Quello che poi sconcerta, almeno me, è quanto afferma Sandro Magister, che ha pubblicato l’intero contenuto della lettera:
«Io alla presentazione dei libretti sulla teologia di papa Francesco c'ero. E c'erano con me una ventina di altri vaticanisti. Ebbene, Viganò la lettera l'ha letta tutta, mentre contemporaneamente veniva distribuito il comunicato stampa che includeva tra virgolette solo i due paragrafi che hanno prodotto il risultato che sappiamo. Il giorno dopo ho cercato di vedere se era stato pubblicato da qualche parte il testo integrale della lettera. Invano. E allora mi sono detto: Basta! Ho ricuperato la videoregistrazione della performance di Viganò e da lì, dalla sua viva voce, ho trascritto il testo completo della lettera. Quindi almeno una ventina di vaticanisti avevano udito con le loro orecchie tutto quello c'era scritto nella lettera di Benedetto XVI, eppure l'effetto è stato quello che sappiamo. Non è stata una pagina brillante per la professione. E la colpa non è stata solo di Viganò.» |
Tutto questo rivela la drammatica verità indicata da papa Francesco: «Le notizie false rivelano così la presenza di atteggiamenti al tempo stesso intolleranti e ipersensibili, con il solo esito che l’arroganza e l’odio rischiano di dilagare. A ciò conduce, in ultima analisi, la falsità.»
Certo allora chi ha architettato tutto questo dovrà rispondere del male diffuso, magari poi anche tirando conseguenze sul piano professionale. Forse sarebbe ora di prendersi le proprie responsabilità, assumendo l’atteggiamento di servitore della verità e non manipolatore – più o meno volontario – delle coscienze, in particolare dei piccoli. Per non ricadere nella figura stigmatizzata dal Giusti di «strumenti ciechi di occhiuta rapina».
Rimane aperta la domanda «Cui prodest?». Che vantaggio c’è a confezionare notizie che poi vengono in qualche modo se non smentite, almeno corrette?

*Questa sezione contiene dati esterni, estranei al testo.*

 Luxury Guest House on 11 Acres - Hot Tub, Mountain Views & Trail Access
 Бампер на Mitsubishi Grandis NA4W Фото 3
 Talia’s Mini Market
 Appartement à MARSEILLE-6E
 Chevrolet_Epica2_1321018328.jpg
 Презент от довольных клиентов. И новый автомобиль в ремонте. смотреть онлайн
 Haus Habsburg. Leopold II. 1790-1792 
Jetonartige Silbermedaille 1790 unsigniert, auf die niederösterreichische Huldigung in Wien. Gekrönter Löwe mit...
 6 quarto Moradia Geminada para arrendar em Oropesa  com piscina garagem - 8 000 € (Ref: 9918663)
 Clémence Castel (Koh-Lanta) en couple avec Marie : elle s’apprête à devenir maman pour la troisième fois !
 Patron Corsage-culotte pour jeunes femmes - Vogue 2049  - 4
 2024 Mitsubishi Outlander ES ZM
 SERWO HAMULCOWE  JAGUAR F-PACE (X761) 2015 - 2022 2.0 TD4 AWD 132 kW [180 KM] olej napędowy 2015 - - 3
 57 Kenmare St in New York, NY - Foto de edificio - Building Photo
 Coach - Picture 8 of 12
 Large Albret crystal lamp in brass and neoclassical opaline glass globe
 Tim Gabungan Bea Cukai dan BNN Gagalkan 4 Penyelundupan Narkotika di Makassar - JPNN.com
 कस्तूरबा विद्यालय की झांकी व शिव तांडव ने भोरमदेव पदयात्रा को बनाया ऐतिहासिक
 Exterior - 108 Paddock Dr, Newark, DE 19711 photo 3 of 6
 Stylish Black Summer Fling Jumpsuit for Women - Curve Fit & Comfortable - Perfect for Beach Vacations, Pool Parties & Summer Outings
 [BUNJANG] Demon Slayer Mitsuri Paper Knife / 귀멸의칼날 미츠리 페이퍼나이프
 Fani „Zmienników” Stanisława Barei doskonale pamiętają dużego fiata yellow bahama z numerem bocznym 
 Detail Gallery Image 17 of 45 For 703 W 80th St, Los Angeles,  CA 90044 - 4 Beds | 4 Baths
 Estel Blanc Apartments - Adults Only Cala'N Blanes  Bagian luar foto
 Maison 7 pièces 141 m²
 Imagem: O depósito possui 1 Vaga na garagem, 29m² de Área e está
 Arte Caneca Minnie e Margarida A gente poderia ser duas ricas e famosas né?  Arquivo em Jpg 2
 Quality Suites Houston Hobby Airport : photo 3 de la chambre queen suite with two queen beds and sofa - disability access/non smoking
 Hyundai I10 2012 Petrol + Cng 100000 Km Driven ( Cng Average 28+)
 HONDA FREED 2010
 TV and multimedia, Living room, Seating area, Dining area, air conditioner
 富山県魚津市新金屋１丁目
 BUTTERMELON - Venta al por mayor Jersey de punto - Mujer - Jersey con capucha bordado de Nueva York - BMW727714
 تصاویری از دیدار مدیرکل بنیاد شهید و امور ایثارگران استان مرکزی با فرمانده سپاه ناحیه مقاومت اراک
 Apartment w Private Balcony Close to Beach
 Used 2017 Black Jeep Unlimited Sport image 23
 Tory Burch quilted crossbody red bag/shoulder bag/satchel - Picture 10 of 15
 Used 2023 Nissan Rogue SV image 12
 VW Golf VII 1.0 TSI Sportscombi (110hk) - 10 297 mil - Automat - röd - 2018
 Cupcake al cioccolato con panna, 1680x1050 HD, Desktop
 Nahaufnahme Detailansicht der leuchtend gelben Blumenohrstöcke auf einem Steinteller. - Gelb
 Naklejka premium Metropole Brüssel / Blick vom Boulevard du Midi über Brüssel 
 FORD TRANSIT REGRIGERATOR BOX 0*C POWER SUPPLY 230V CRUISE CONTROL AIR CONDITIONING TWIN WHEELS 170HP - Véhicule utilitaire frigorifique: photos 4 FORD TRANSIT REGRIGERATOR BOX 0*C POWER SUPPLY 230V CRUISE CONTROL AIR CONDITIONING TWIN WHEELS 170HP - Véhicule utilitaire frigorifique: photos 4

La santa Chiesa deve essere testimone di un giornalismo capace di appassionare alla verità, limpido e coraggioso, soprattutto in questi tempi di menzogna e di strumentalizzazioni. Colpisce il titolo di un articolo che così descrive l’increscioso episodio: «IL GIALLO: Il Vaticano sbianchetta la lettera di Ratzinger» Il Papa non ha bisogno di mezzucci perché se ne riconosca l’autorità o il valore. Questi danneggiano il Papa e la Chiesa.